• _Task requirements_:
Retype, exactly and completely, the listing that comes next, skipping its images.

(Beginning of Source material)

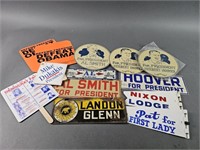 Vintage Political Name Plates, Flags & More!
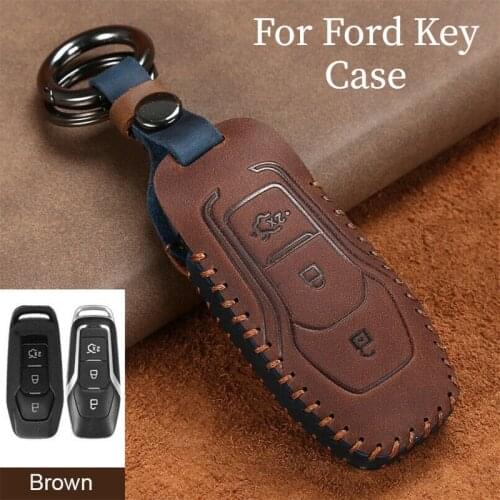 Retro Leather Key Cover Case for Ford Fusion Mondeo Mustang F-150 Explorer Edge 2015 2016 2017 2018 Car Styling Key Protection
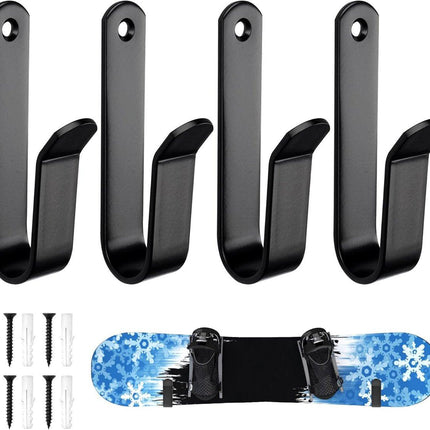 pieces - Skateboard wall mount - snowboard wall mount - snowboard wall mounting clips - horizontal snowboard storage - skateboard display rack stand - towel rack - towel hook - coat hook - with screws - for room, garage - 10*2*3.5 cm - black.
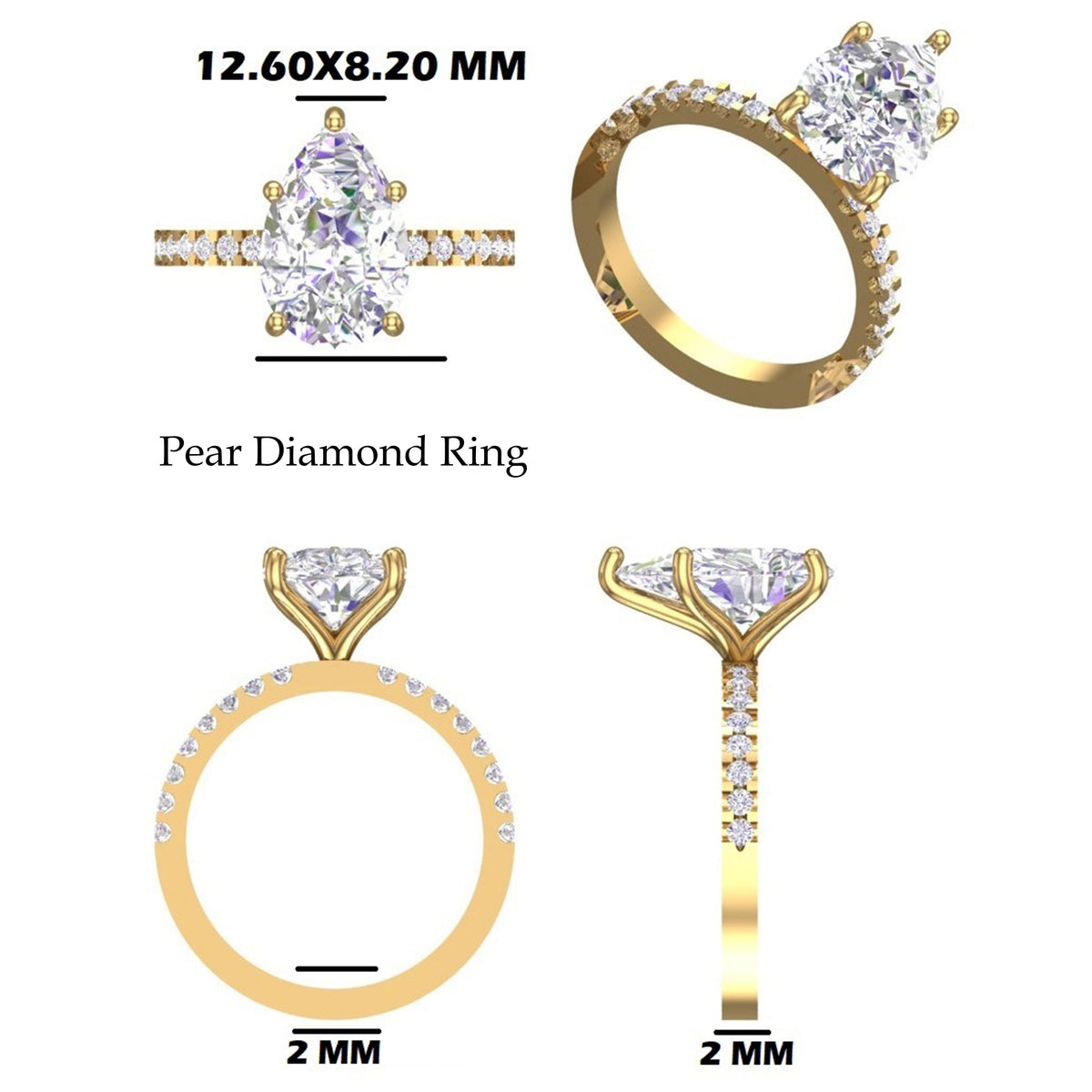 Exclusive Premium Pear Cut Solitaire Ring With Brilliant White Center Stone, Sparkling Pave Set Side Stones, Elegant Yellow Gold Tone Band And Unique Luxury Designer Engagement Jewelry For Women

(End of Source material)

• _Answer for the task_:
 Vintage Political Name Plates, Flags & More!
 Retro Leather Key Cover Case for Ford Fusion Mondeo Mustang F-150 Explorer Edge 2015 2016 2017 2018 Car Styling Key Protection
 pieces - Skateboard wall mount - snowboard wall mount - snowboard wall mounting clips - horizontal snowboard storage - skateboard display rack stand - towel rack - towel hook - coat hook - with screws - for room, garage - 10*2*3.5 cm - black.
 Exclusive Premium Pear Cut Solitaire Ring With Brilliant White Center Stone, Sparkling Pave Set Side Stones, Elegant Yellow Gold Tone Band And Unique Luxury Designer Engagement Jewelry For Women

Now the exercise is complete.